* **Data**
◇ ◇ ◇ ◇
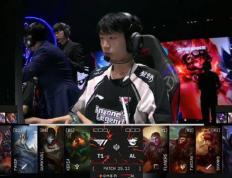 英雄联盟2025季中冠军赛淘汰赛 AL 2:3 T1止步MSI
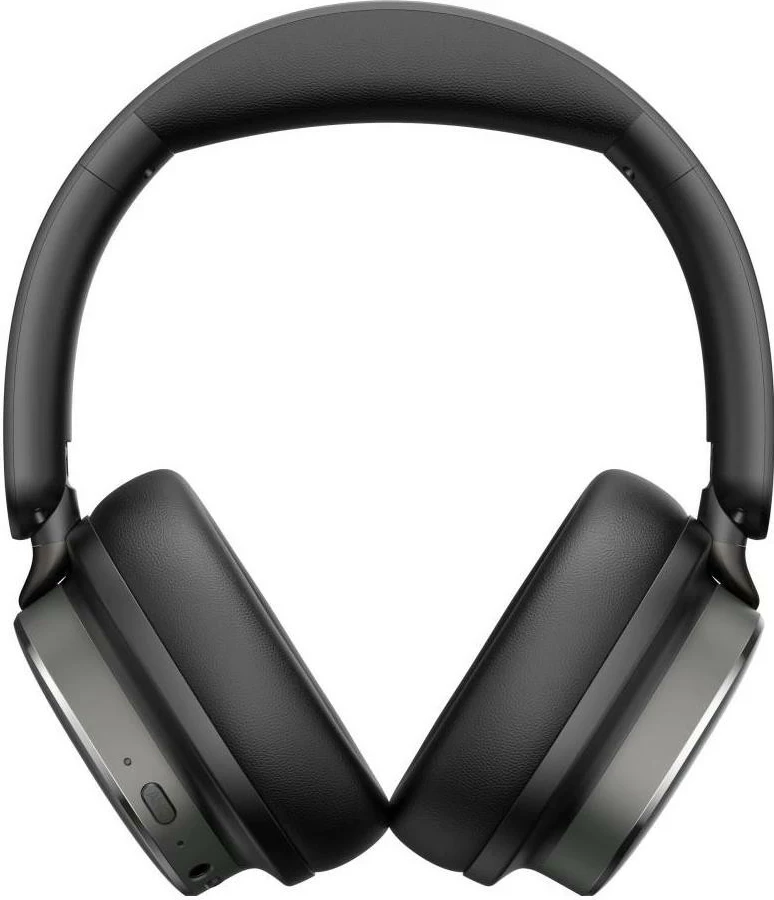 Kufje Tonsil R75BT, wireless, ANC, Bluetooth 6.0, me etui, të zeza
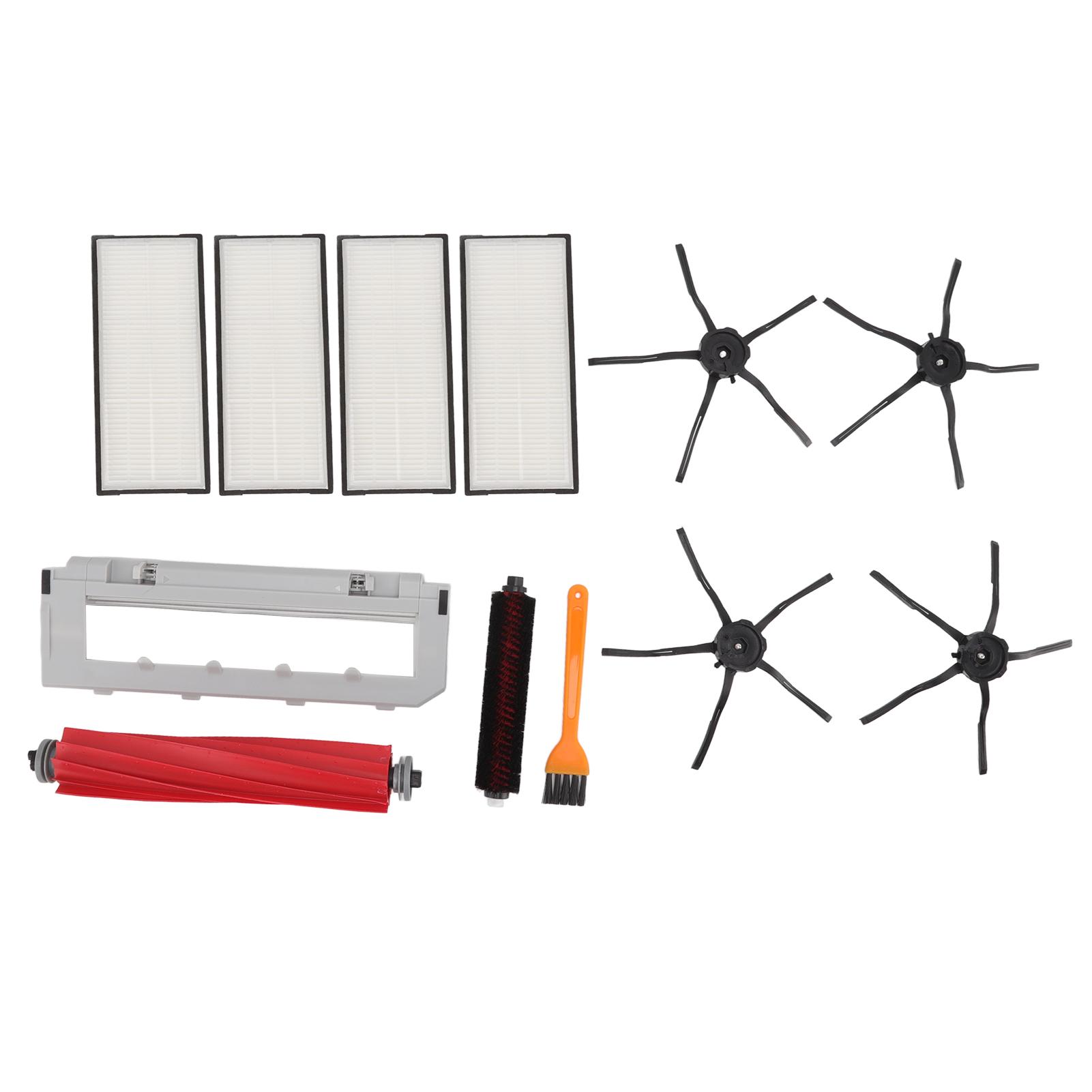 Vacuum Cleaner Accessories Kit Replacement Parts for Roborock S7 MaxV S7 MaxV Plus S7 MaxV Ultra
Vacuum Cleaner Accessories Kit Replacement Parts for Roborock S7 MaxV S7 MaxV Plus S7 MaxV Ultra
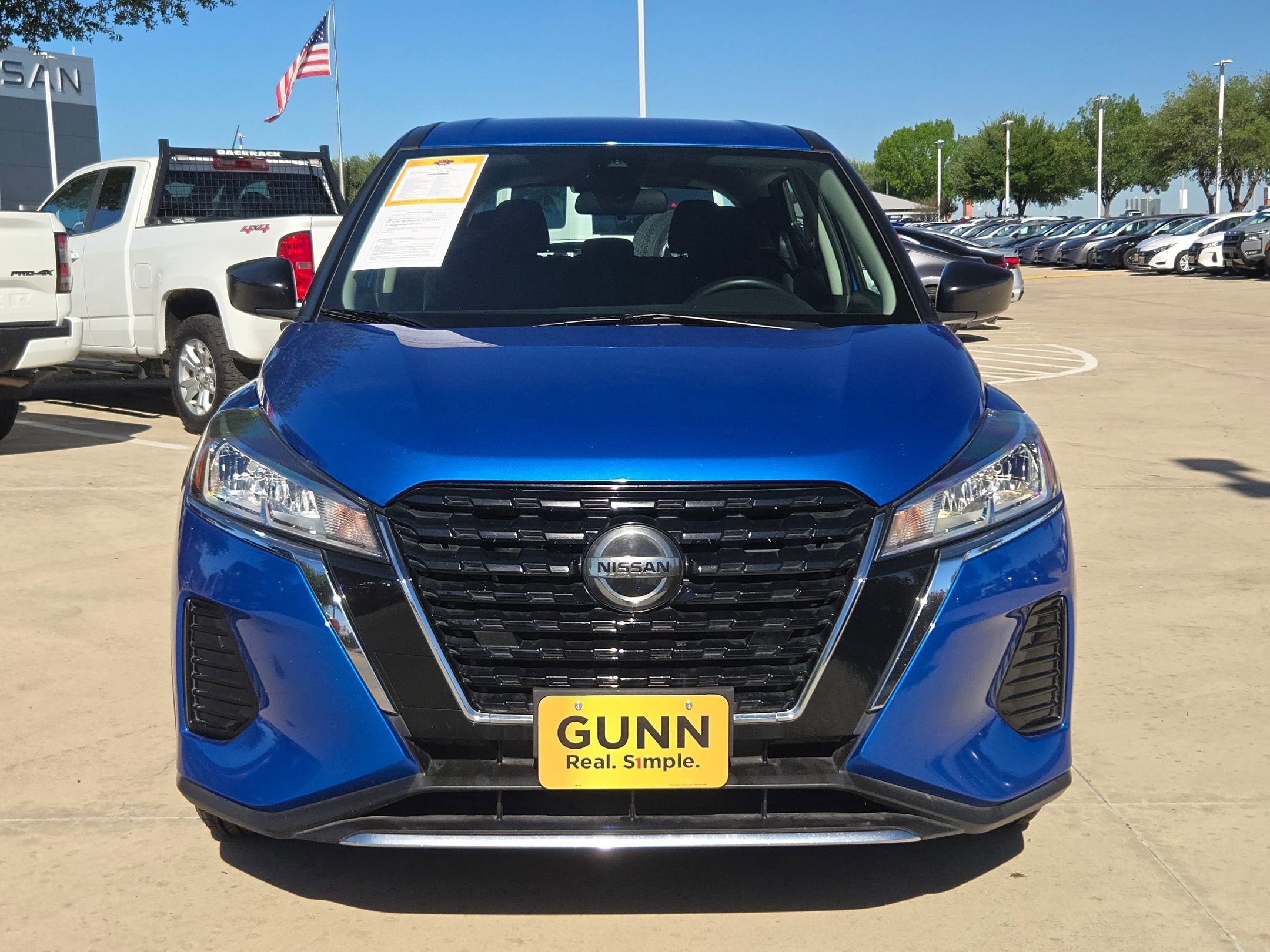 2021 Nissan Kicks S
◇ ◇ ◇ ◇
* **Your assignment**
Give back all of the entries above exactly, with the pictures excluded.

* **Problem solution**
 英雄联盟2025季中冠军赛淘汰赛 AL 2:3 T1止步MSI
 Kufje Tonsil R75BT, wireless, ANC, Bluetooth 6.0, me etui, të zeza
 Vacuum Cleaner Accessories Kit Replacement Parts for Roborock S7 MaxV S7 MaxV Plus S7 MaxV Ultra
Vacuum Cleaner Accessories Kit Replacement Parts for Roborock S7 MaxV S7 MaxV Plus S7 MaxV Ultra
 2021 Nissan Kicks S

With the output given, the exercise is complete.